RECORDS FOR THIS EXERCISE:

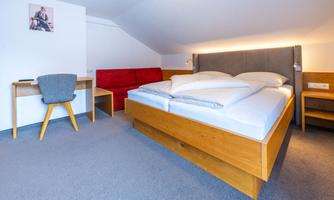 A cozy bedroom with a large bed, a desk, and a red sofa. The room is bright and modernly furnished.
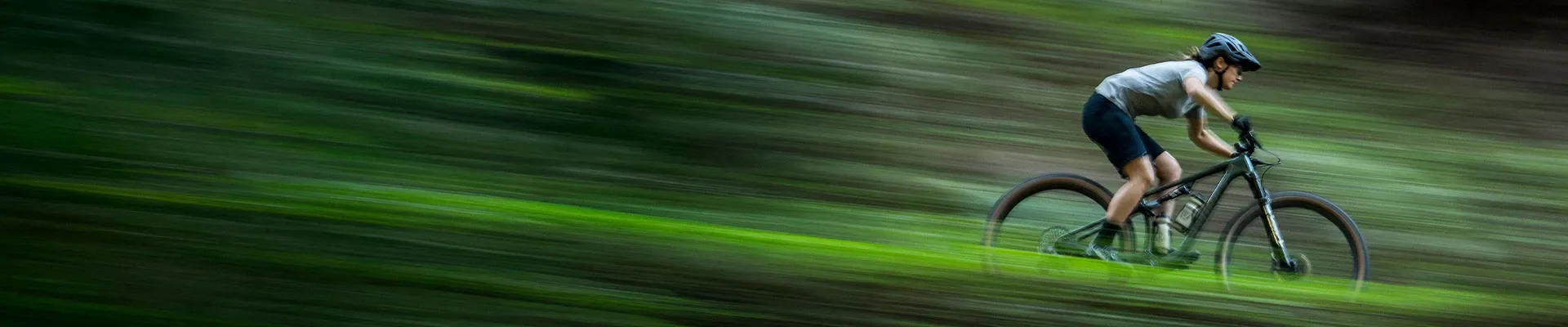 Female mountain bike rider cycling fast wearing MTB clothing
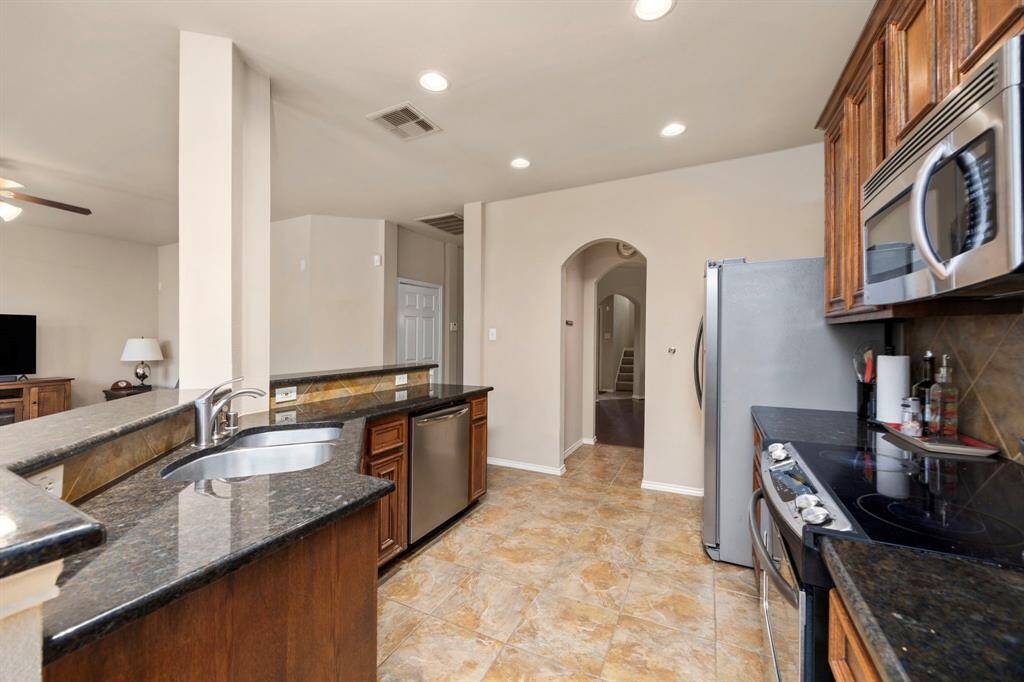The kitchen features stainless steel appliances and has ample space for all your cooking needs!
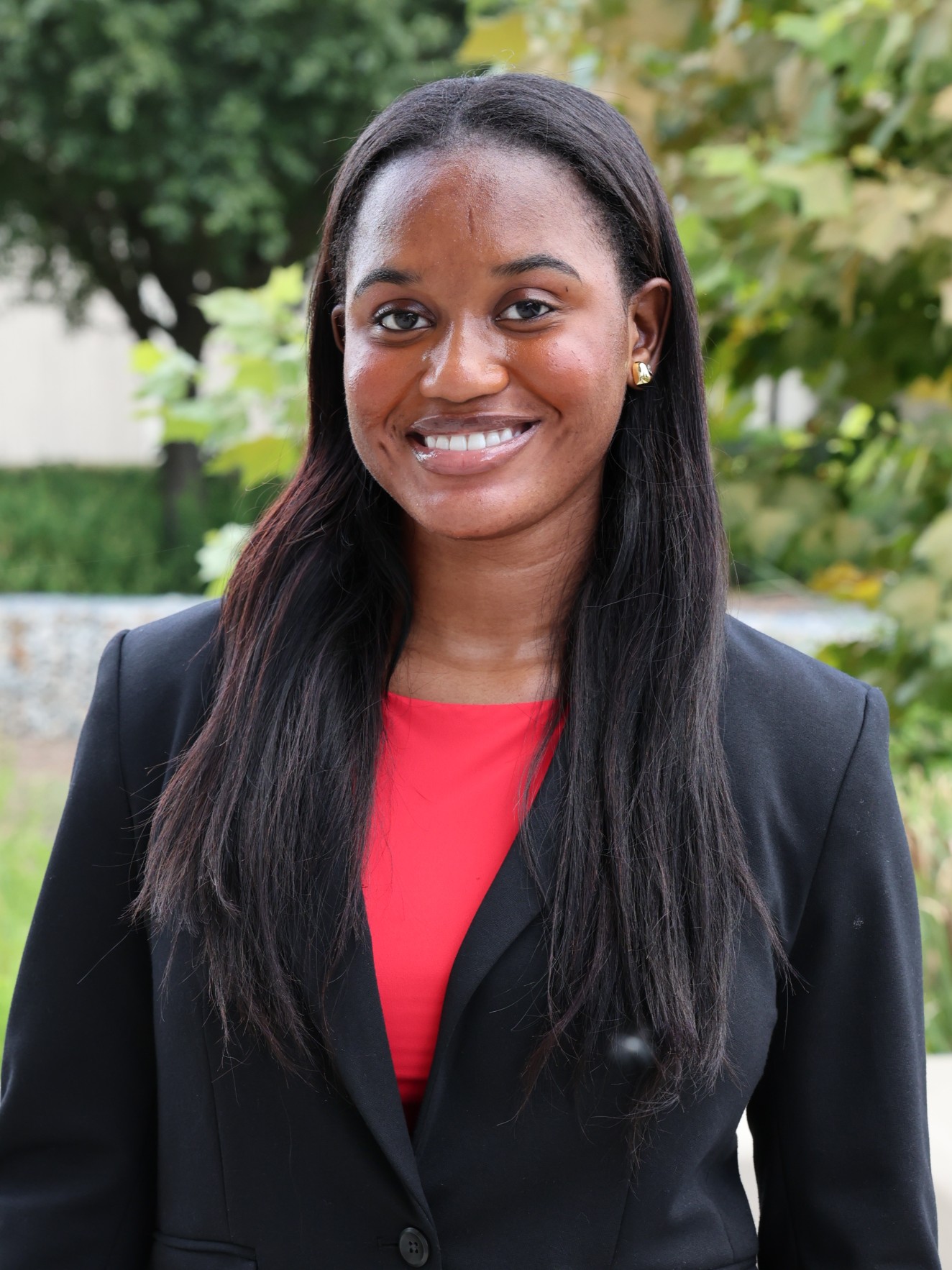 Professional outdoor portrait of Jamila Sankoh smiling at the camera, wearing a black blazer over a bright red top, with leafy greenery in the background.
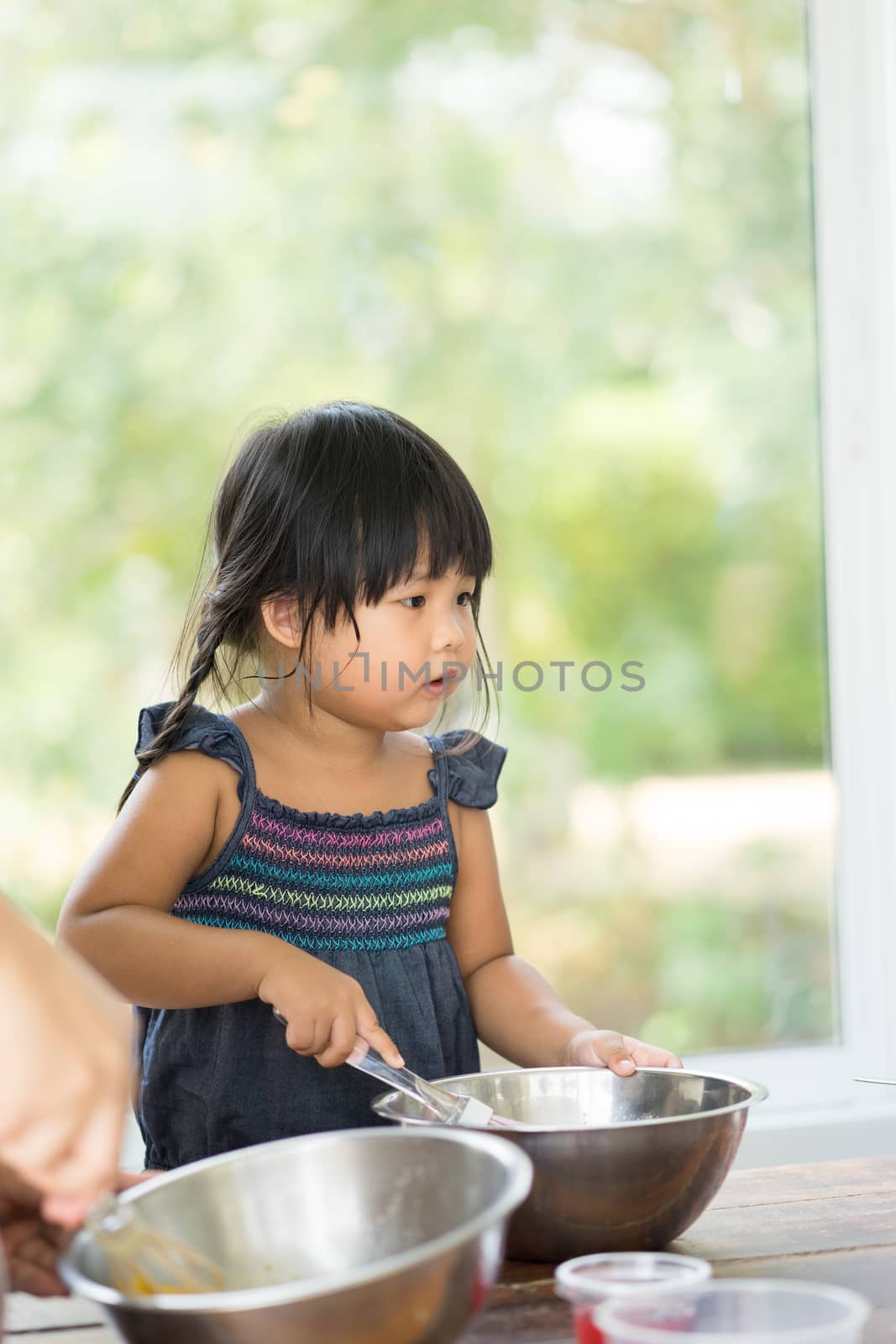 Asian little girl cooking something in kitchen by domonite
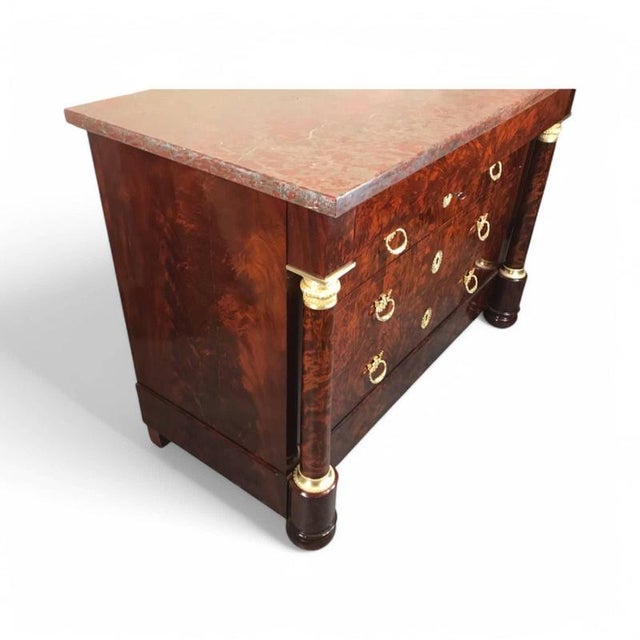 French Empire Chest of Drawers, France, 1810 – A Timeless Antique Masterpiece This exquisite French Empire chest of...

YOUR ASSIGNMENT: From the first line to the last, reproduce the records above exactly and skip the pictures.

SOLUTION:
 A cozy bedroom with a large bed, a desk, and a red sofa. The room is bright and modernly furnished.
 Female mountain bike rider cycling fast wearing MTB clothing
The kitchen features stainless steel appliances and has ample space for all your cooking needs!
 Professional outdoor portrait of Jamila Sankoh smiling at the camera, wearing a black blazer over a bright red top, with leafy greenery in the background.
 Asian little girl cooking something in kitchen by domonite
 French Empire Chest of Drawers, France, 1810 – A Timeless Antique Masterpiece This exquisite French Empire chest of...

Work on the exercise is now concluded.